[[ GIVEN DATA open ]]
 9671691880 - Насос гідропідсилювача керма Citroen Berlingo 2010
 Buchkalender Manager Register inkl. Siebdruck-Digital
[[ GIVEN DATA closed ]]
[[ GIVEN DATA open ]]
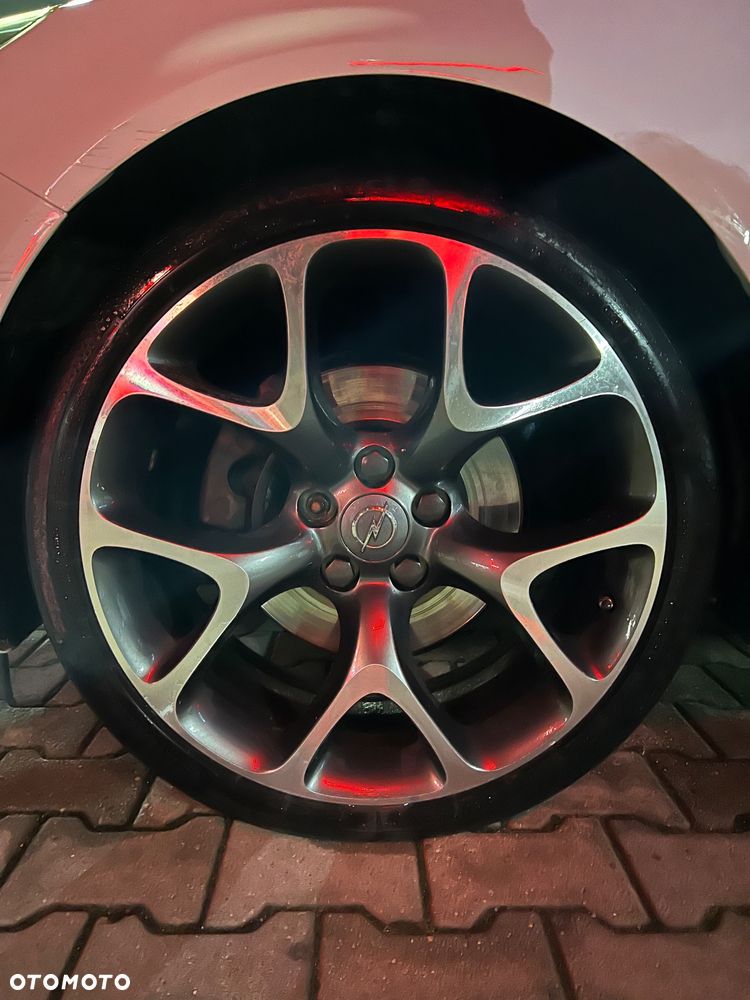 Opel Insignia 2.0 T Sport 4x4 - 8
[[ GIVEN DATA closed ]]
# [PROBLEM TO WORK ON]
Above are the entries. Output exactly the lines beginning with the line that has "9671691880 - Насос" and ending with the line that has "Buchkalender Manager Register".

# [EXERCISE RESULT]
 9671691880 - Насос гідропідсилювача керма Citroen Berlingo 2010
 Buchkalender Manager Register inkl. Siebdruck-Digital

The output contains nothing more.